_Dataset section:_
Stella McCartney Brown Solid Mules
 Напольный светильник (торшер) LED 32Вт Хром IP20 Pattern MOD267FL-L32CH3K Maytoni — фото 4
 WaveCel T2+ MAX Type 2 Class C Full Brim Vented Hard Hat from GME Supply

_Task to complete:_
Give back each line above precisely as it stands.

_Exercise response:_
Stella McCartney Brown Solid Mules
 Напольный светильник (торшер) LED 32Вт Хром IP20 Pattern MOD267FL-L32CH3K Maytoni — фото 4
 WaveCel T2+ MAX Type 2 Class C Full Brim Vented Hard Hat from GME Supply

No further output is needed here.